# Please help_how to wire three phase motor starter with GE CR306CXD120 + solid relay



## paulengr (Oct 8, 2017)

That is probably part of the assignment.



https://download.schneider-electric.com/files?p_enDocType=Catalog&p_File_Name=0140CT9201.pdf&p_Doc_Ref=0140CT9201



This is another brand but they are very similar.

Or you can attempt to look up a “combination starter” for GE/ABB because that’s what you are building.


----------



## Freshman (Jul 30, 2021)

paulengr said:


> That is probably part of the assignment.
> 
> 
> 
> ...


Thank you so much! I really appreciate your kind help, 🙏：）


----------



## SteveBayshore (Apr 7, 2013)

What is the line voltage? What is the coil voltage? Where are you getting the coil voltage from? The picture isn't of a combination starter.


----------



## Easy (Oct 18, 2017)

Your instructor should be guiding you on this project. I can see that it's a 120 volt coil and you want to incorporate a Stop Start station.

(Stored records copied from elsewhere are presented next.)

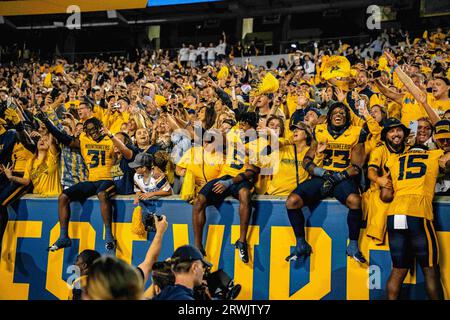 Morgantown, WV, USA. September 2023. 16. September 2023: Fans während der West Virginia University (WVU) vs. Der University of Pittsburgh (Pitt) in Morgantown, WV im Milan Puskar Stadium. Bradley Martin/AMG (Bildnachweis: © AMG/AMG über ZUMA Press Wire) NUR REDAKTIONELLE VERWENDUNG! Nicht für kommerzielle ZWECKE! Stockfoto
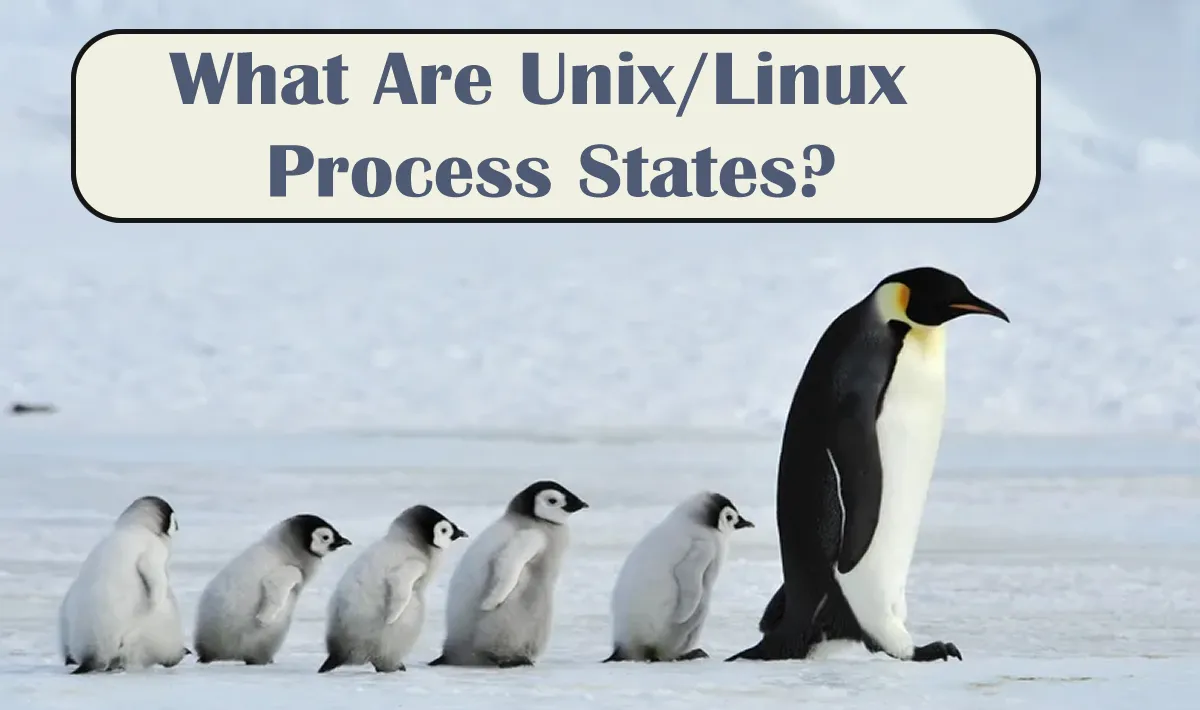 What Are Unix/Linux Process States?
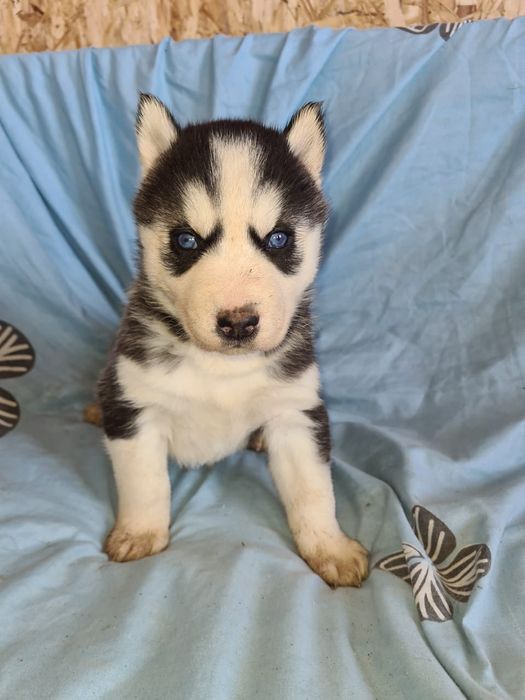 Продам щенков сибирский хаски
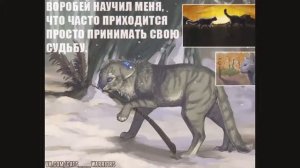 Чему учат Коты-Воители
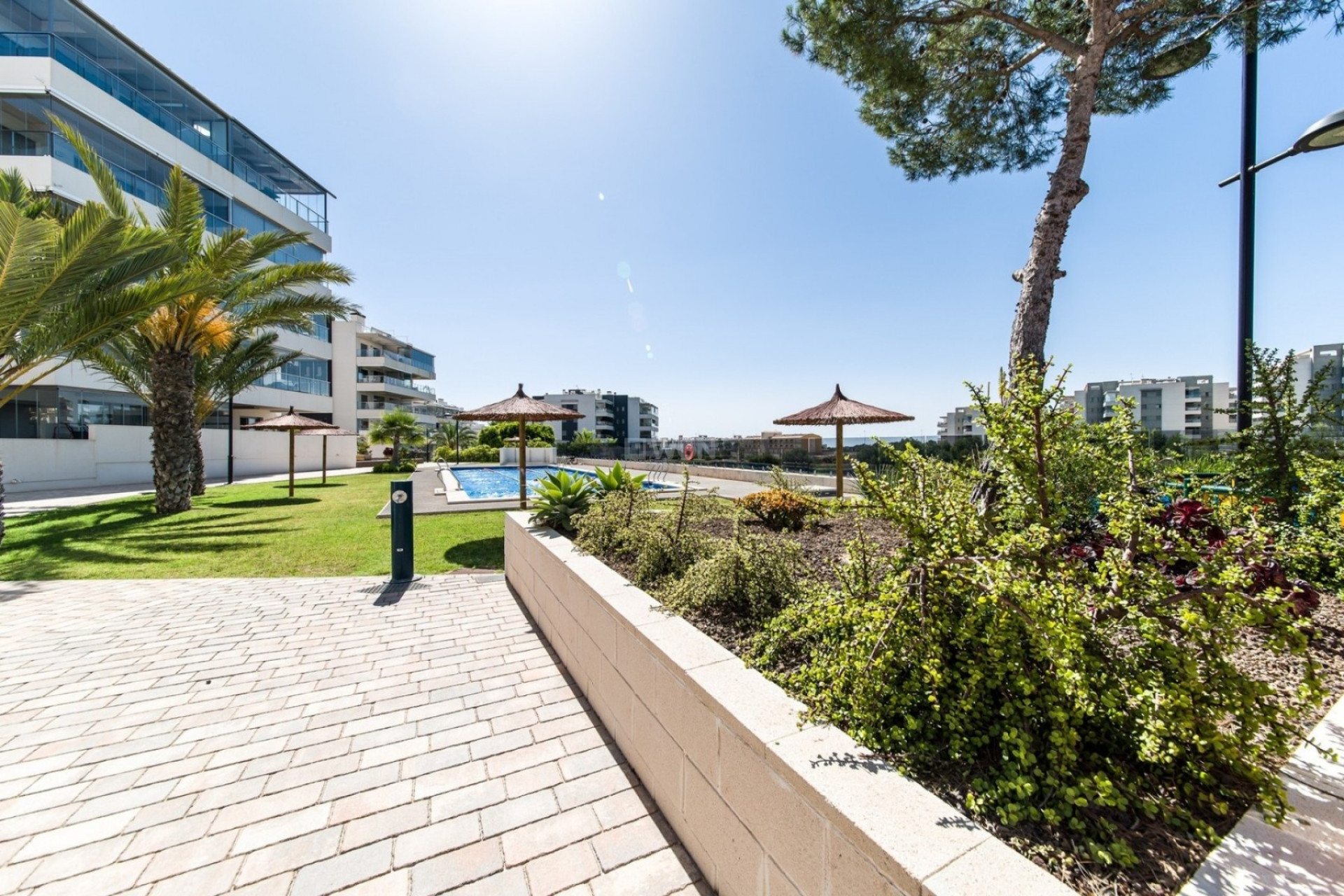 Resale - Penthouse - Orihuela Costa - Costa Blanca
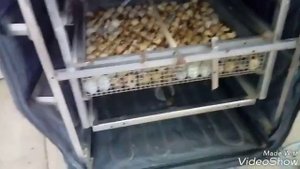 Инкубация перепелов фараон.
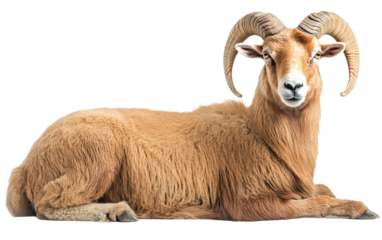 Barbary sheep isolated on white or transparent background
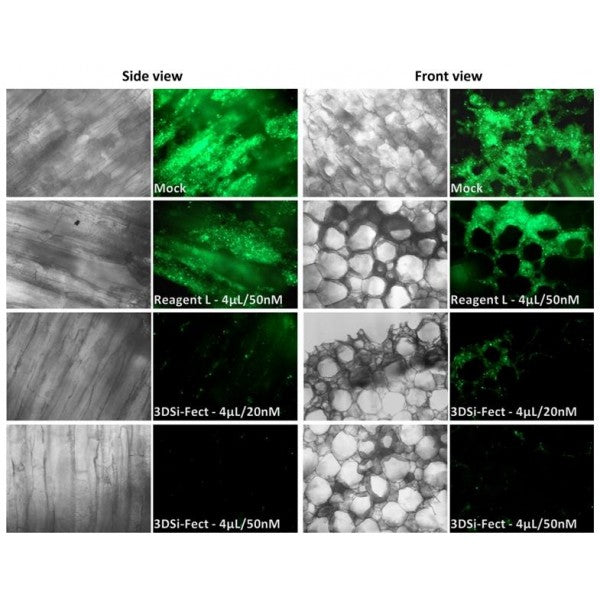 si3D-Fect™ 3D Transfection Reagent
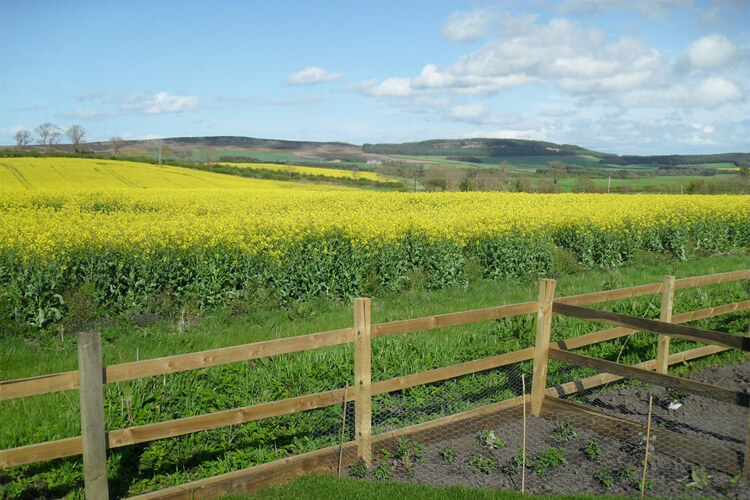 The Shepherds Hut - Image 5 - UK Tourism Online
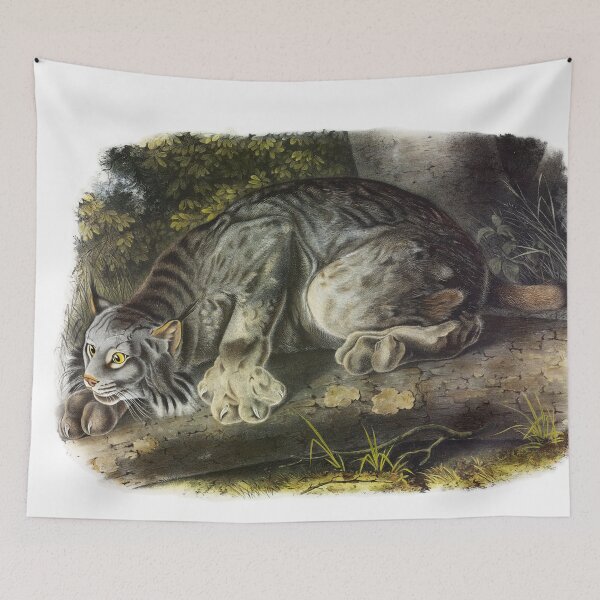Item preview, Canada Lynx - James Audubon designed and sold by billythekidtees.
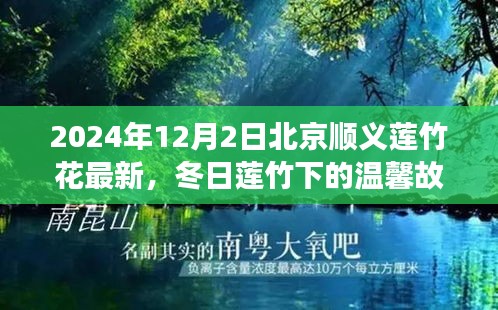 冬日莲竹花盛宴，北京顺义莲竹下的深厚友情与温馨故事（2024年12月2日）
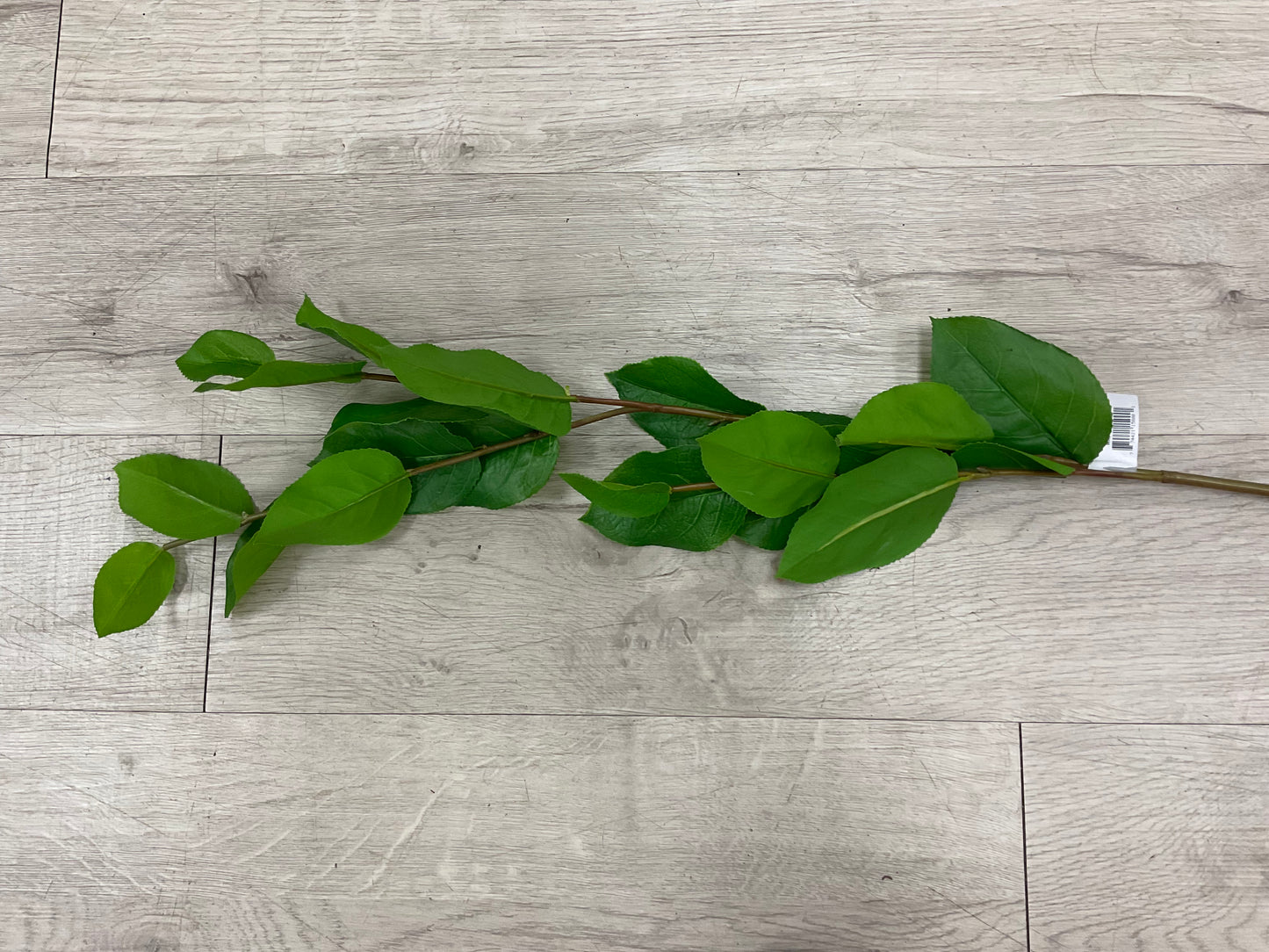 45” Salal Leaf Spray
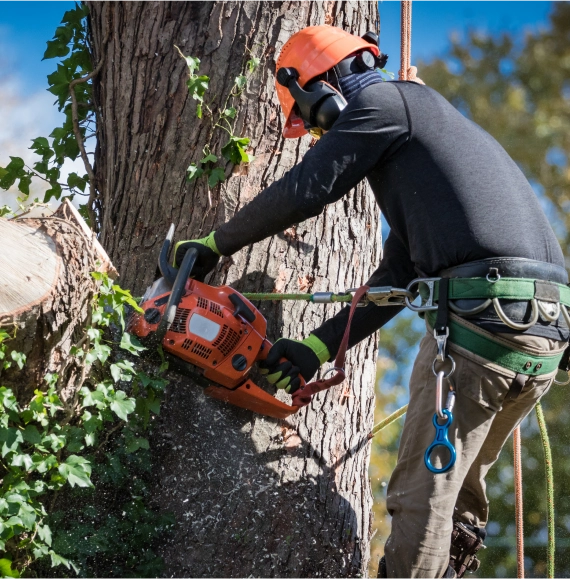 24/7 Emergency Tree Services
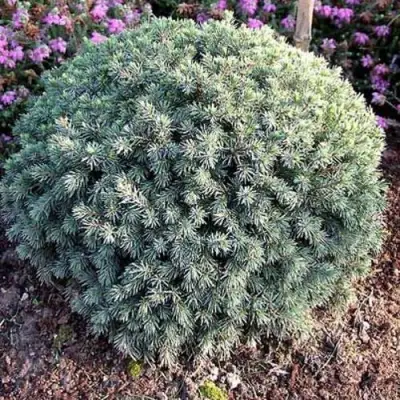 Ель ЭХИНИФОРМИС сизая в Барановичах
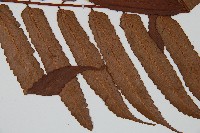 黑桫蕨藏品圖，第3張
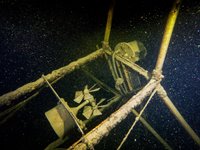 Необычную находку нашли дайверы в глубине Телецкого озера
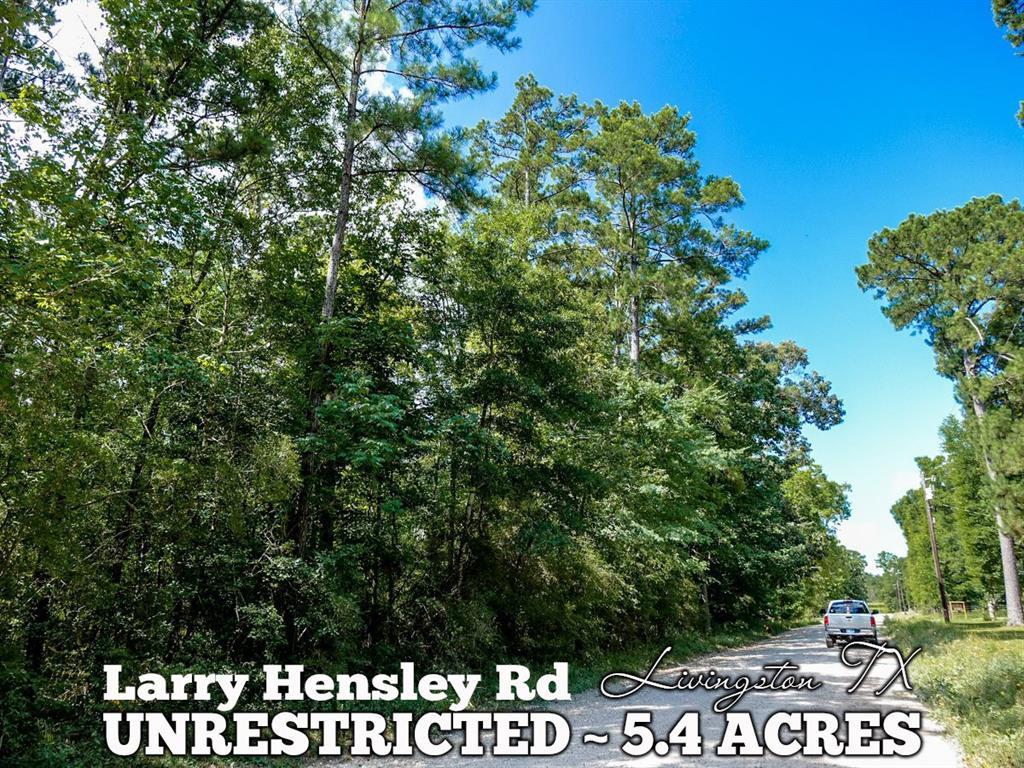 5.4-ac Larry Hansley Road - Photo 1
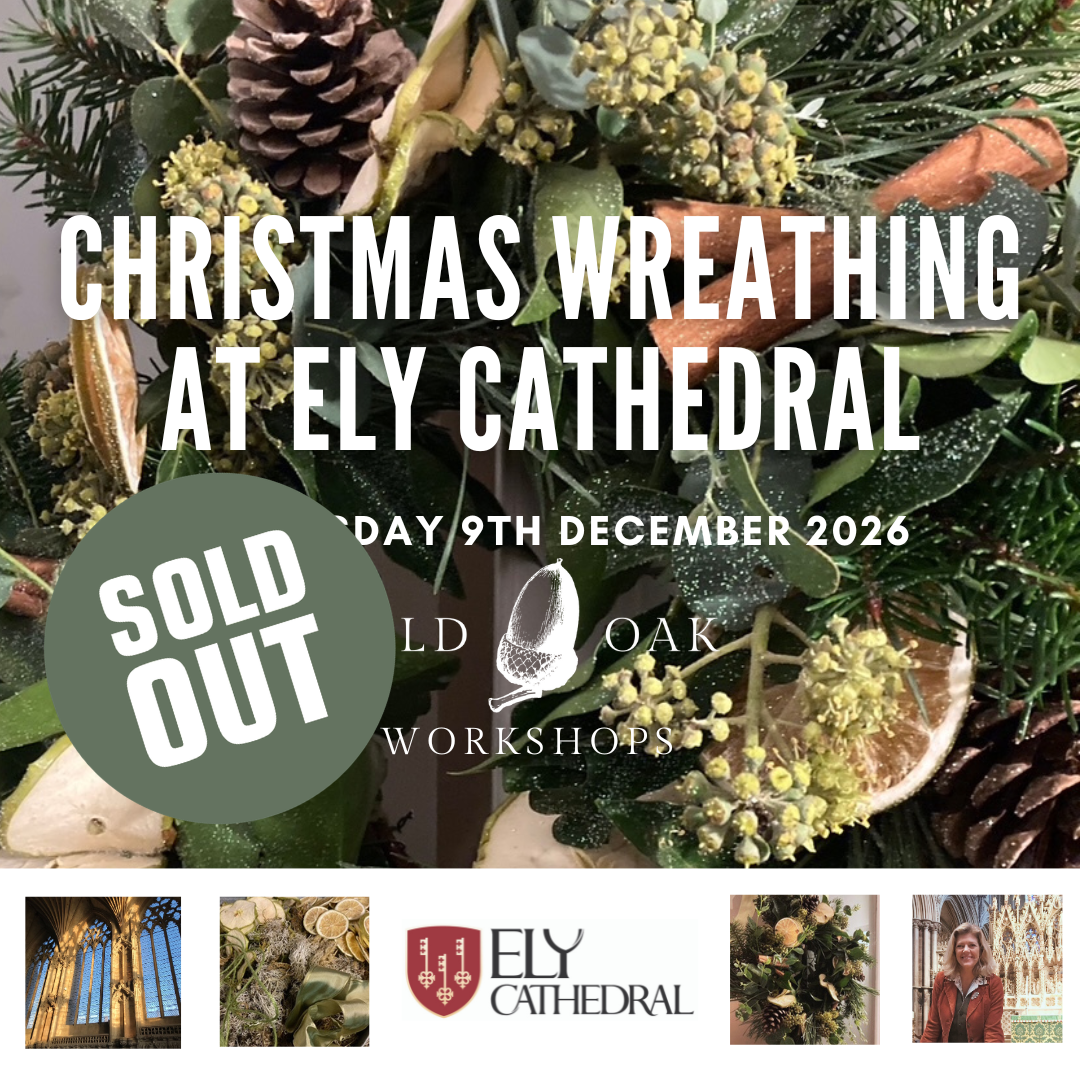 Ely Cathedral Christmas Wreathing.png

If the line voltage is 120 / 208 you will not require a control transformer. If it's 480 then you will need a transformer. I would look at the wiring diagram that came with the starter and then I would take the picture of the starter that you posted and print a couple of copies of that and then take a red ball point pen and draw out where the wires should go. Then give it a go. Hopefully with a low amperage fuse on the control circuit so you experiment and not damage anything.


----------



## just the cowboy (Sep 4, 2013)

A few things.
First stop what you are doing and learn to do it the right way. If this is an instructor lead project find a different class if he is letting you use the wires connected.
If you are trying to learn the labs on your own buy the correct wire for both safety, troubleshooting and good habits.

This book attached will help you get started.

Cowboy


----------



## Freshman (Jul 30, 2021)

SteveBayshore said:


> What is the line voltage? What is the coil voltage? Where are you getting the coil voltage from? The picture isn't of a combination starter.


The line volt is a 3-phase power input after the disconnect to power a 230/460 motor, I am not sure about the coil volt(OL), it may need a separated V input. I checked the GE CR series manual, the black-white pic from the manual, shows a combination starter, thank you very much for your help


----------



## Freshman (Jul 30, 2021)

Easy said:


> Your instructor should be guiding you on this project. I can see that it's a 120 volt coil and you want to incorporate a Stop Start station. If the line voltage is 120 / 208 you will not require a control transformer. If it's 480 then you will need a transformer. I would look at the wiring diagram that came with the starter and then I would take the picture of the starter that you posted and print a couple of copies of that and then take a red ball point pen and draw out where the wires should go. Then give it a go. Hopefully with a low amperage fuse on the control circuit so you experiment and not damage anything.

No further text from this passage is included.